Infrastruktur Listrik dan Telekomunikasi Hampir Pulih Total Pascagempa M7,7 di Flores
Flores,Monitor Pos - Gempa bumi berkekuatan magnitudo 7,7 yang mengguncang wilayah Flores pada Minggu (15/8) tidak hanya menimbulkan korban jiwa dan kerusakan bangunan. Bencana tersebut juga berdampak pada sejumlah infrastruktur vital, terutama jaringan kelistrikan dan telekomunikasi yang menjadi penopang aktivitas masyarakat.
Pos Pendamping Nasional (Pospenas) melaporkan, proses pemulihan infrastruktur dasar pascagempa hingga Senin (17/8) berjalan optimal. Pemulihan dilakukan untuk memastikan kebutuhan listrik dan komunikasi masyarakat di wilayah terdampak dapat kembali normal.
Di sektor kelistrikan, Unit Pelaksana Pelayanan Pelanggan (UP3) Flores Bagian Timur dan UP3 Flores Bagian Barat telah memulihkan hampir seluruh jaringan yang terdampak. Trafo Gardu Induk (GI) dilaporkan telah pulih 100 persen, sementara tiang listrik dan penyalur yang terdampak telah kembali berfungsi mencapai 98,3 persen.
Pemulihan juga mencakup gardu distribusi. Dari 3.478 unit gardu yang terdampak, sebanyak 99,45 persen telah kembali menyala. Sementara itu, dari total pelanggan di wilayah terdampak, sebanyak 564.065 pelanggan atau 99,4 persen telah kembali memperoleh pasokan listrik.
UP3 Flores Bagian Timur melayani wilayah Kabupaten Sikka dan sekitarnya. Adapun UP3 Flores Bagian Barat mencakup enam kabupaten di daratan Flores bagian barat, yakni Manggarai Barat, Manggarai, Manggarai Timur, Ngada, Nagekeo, dan Ende.
Jaringan Telekomunikasi Berangsur Normal
Pemulihan juga dilakukan terhadap jaringan telekomunikasi yang terdampak gempa.
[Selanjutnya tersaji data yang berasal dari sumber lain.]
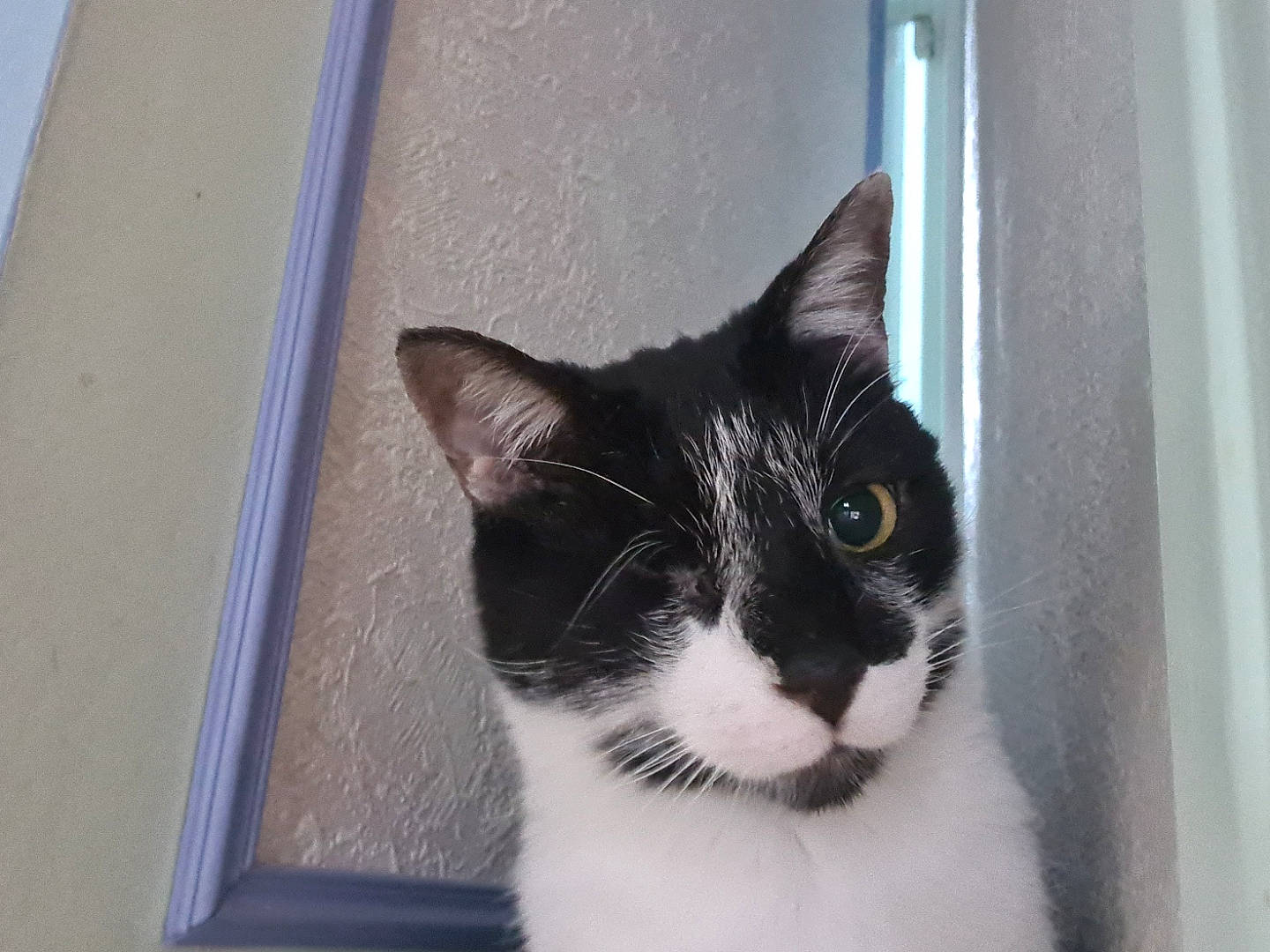 Pirate a rejoint le concours — aidez-le/la à gagner de superbes lots ! carnivore, cat, domestic_short_haired_cat, felidae, fur, monochrome_photography, paw, small_to_medium_sized_cats, snout, tail, whiskers, window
Jaringan milik Telkomsel dilaporkan telah kembali berfungsi di sebagian besar wilayah terdampak.
Sejumlah daerah bahkan telah mencatat tingkat pemulihan jaringan lebih dari 90 persen, antara lain Manggarai Barat, Nagekeo, Ngada, Sikka, Ende, dan Manggarai.
Namun, pemulihan di Kabupaten Manggarai Timur masih menghadapi kendala. Tingkat pemulihan jaringan di wilayah tersebut baru mencapai 76,3 persen, dengan 14 site masih mengalami gangguan.
Pospenas menyatakan percepatan pemulihan infrastruktur menjadi bagian penting dalam upaya mengembalikan aktivitas masyarakat setelah gempa. Selain listrik dan jaringan komunikasi, perbaikan juga diarahkan pada infrastruktur lain, termasuk akses jalan.
Di sisi lain, pemenuhan kebutuhan dasar warga terdampak terus dilakukan melalui pos komando dengan dukungan Pospenas. Langkah tersebut diharapkan dapat mempercepat pemulihan kehidupan masyarakat sekaligus mendorong aktivitas sosial dan ekonomi kembali berjalan.
Dengan hampir seluruh jaringan listrik dan telekomunikasi kembali berfungsi, proses pemulihan pascagempa Flores memasuki tahap penting: memastikan masyarakat tidak hanya selamat dari bencana, tetapi juga segera kembali menjalani kehidupan secara normal.